The letter that started it all

Originally written 26 June 2005.

Dear Lover,

I have no idea who you are. I may not have even met you yet. But I know you're out there, and I know you're dreaming of finding me, just as I'm dreaming of finding you. I know that in time, if we both continue to live our lives and walk down our respective paths, we're bound to meet. I look forward to that day. In fact, I find it necessary to remind myself to slow down and enjoy the journey until that day comes. After all, our meeting will be so much wondrous if I use this time to prepare.

With that in mind, I decided I wanted to write you a letter. Who knows, maybe it'll become a series of letters. I just thought it would be a good idea to tell you who I am, who I hope you are, what I'm afraid of, and what's important to you. (That's a lot to write about, so I think this will be more than one letter.)
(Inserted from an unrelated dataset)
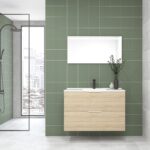 Pack OSSAU : 2 placards + lavabo + miroir LED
Let's start out with who I hope you are and what's important to me. After all, helping you to understand this will help you (and myself) realize that out of all the men out there, you are the one who is my true lover. I think that to me, the most important thing is that you are yourself. I don't want someone who tries to be what you think I want. I don't want you to try to impress me. Lover, you are what impresses me. Your genuine nature, your ability to be sincerely you, and your beautiful (by definition rather than by design) expression of your soul is what matters to me.

This means that you know yourself. You know your feelings, and you're not afraid to face them. Okay, maybe that's not exactly accurate. Maybe you are a little afraid from time to time. But you're willing to face them anyways. And you're willing to explore them and share them with someone like me.

You're also willing to listen to me when I talk about my feelings. Not necessarily to fix or heal them, but to just hear them and let me know that they matter to you because I matter to you. And you're willing to let me face whatever feelings -- beautiful or frightening -- that come up, because you know it's a part of me and that allowing me to do so will make me a better person and a better lover.

You're also someone who is willing to be imperfect and accept an imperfect person like me. But more importantly, you are someone who can look at imperfection -- mine, yours, or anyone else's -- and see a beauty in it. This is because you understand that our imperfections is what make us human, and often make us completely adorable.

You are someone who understands that being is at least as important as doing. While you are a lot of fun and can walk through a weekend of fast-paced activity for the two of us with great energy, you're not afraid to slow down either. You enjoy a quiet night as we sit on a couch in one another's arms, talking about intimate subjects as barely audible instrumental music plays in the background. You can sit comfortably with me as the conversation dies away for a few minutes and we just sit, listening to each other's deep, rhythmic breathing.

Sex. Let's face it, it's important. It's important to me, and as my Lover, it's important to you. But I think it's more important that we understand sex in the same light. Like me, you're someone who doesn't believe that sex is about "being good" or "being bad." You're someone who doesn't worry about your "performance," because you're someone who understands that I'm not going to give you a report card in the morning.

I want someone who sees sex as an act of intimacy and exploration. I want someone whow knows it's about learning how each of us reacts to touch. I want someone who understands that it's about enjoying ourselves and each other and connecting on a totally different, more incredible level. And I want someone who can appreciate that it's as much about enjoying the physical and emotional sensations of the process as it is about the end result. And I want you to be someone who isn't afraid to help me remember all this on those occasions where I lose my own way.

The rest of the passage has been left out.